E così, nell’anno dedicato alla lotta contro la povertà e l'esclusione sociale che rischia di chiudersi con il paradossale aumento dei poveri (da 79 a 84 milioni) a Parigi s’è parlato di “Povertà e impoverimento in Europa tra crisi economica e soggetti sociali” (.pdf) in un articolato seminario promosso oltre che dalle Acli anche dal Centro Europeo per i problemi dei lavoratori (Eza) e della Commissione Europea con la presenza di Jacques Delors, già presidente della stessa Commissione stessa.
Per le Acli, la gravità e le conseguenze della crisi sono state l’occasione per sostenere la necessità di costruire con urgenza una “rete di protezione europea contro la povertà”. In un documento di scenario (.pdf) predisposto per il dibattito hanno chiesto una specifica “direttiva comunitaria sui servizi alla persona”, per armonizzare “sia le condizioni di erogazione dei servizi sociali nei vari Stati membri, sia lo statuto degli operatori sociali”.
Ma non solo.
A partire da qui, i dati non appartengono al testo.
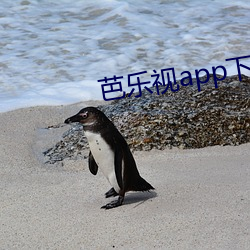 芭乐视app下载安装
La dove il welfare non arriva “occorre creare - ha spiegato Andrea Oliviero - una copertura assicurativa per il palese rischio di mancanza di autonomia” di un numero sempre maggiore di cittadini. L’inserimento in tutti i sistemi nazionali di questo tipo di assicurazione, che già esiste in Germania e Lussemburgo, se generalizzata a livello comunitario, consentirebbe per esempio di fronteggiare i fenomeni dell’invecchiamento della popolazione e dei bisogni specifici della terza e quarta età, come la non autosufficienza e malattie come l’Alzheimer od il Parkinson. Ma il problema non si limita agli anziani.
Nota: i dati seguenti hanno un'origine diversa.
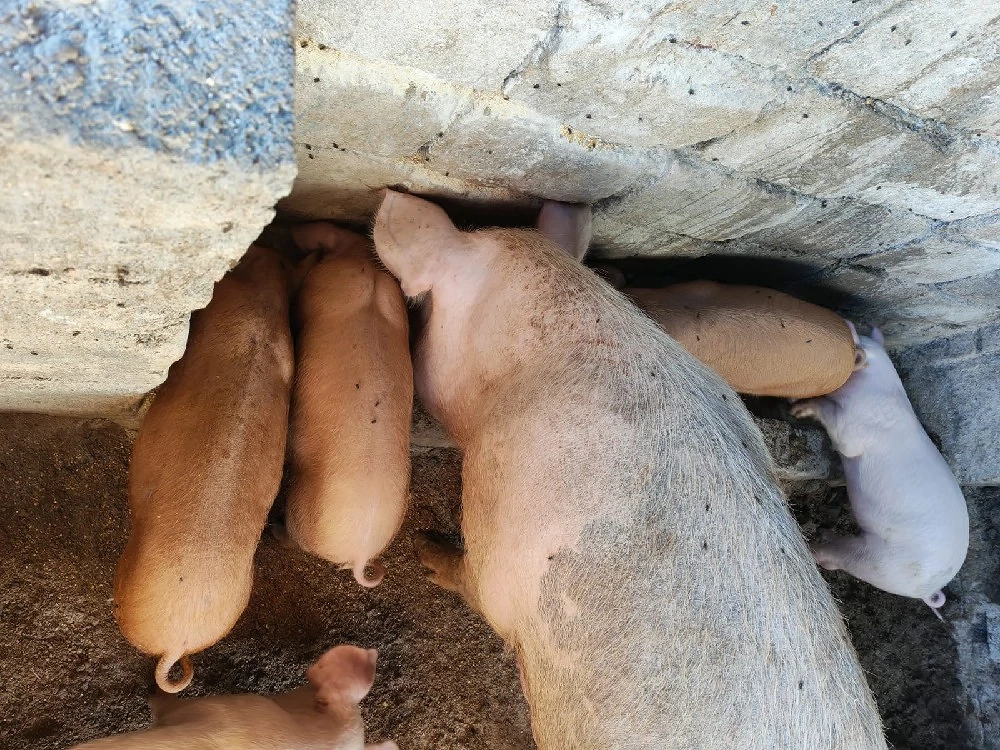 Purcei pietrean cu duroc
Occorre agire infatti e farlo presto, perché i numeri non lasciano dubbi quanto all’urgenza del tema. Le stime dell’Unione europea, riprese anche dal documento della Coalizione Italiana contro le Povertà (.pdf) parlano di 84 milioni di persone a rischio povertà nell’Unione, il 16% dell’intera popolazione. Una percentuale che aumenta per alcuni gruppi specifici. I bambini a rischio povertà sono ben 19 milioni (il 19% di tutti i bambini dell’Ue). Stessa percentuale per gli anziani. Le donne (17%) e soprattutto le donne single (25%) sono più colpite rispetto agli uomini (15%). Le famiglie monoparentali rappresentano anch’esse un gruppo particolarmente esposto con il 32% del totale a rischio di povertà.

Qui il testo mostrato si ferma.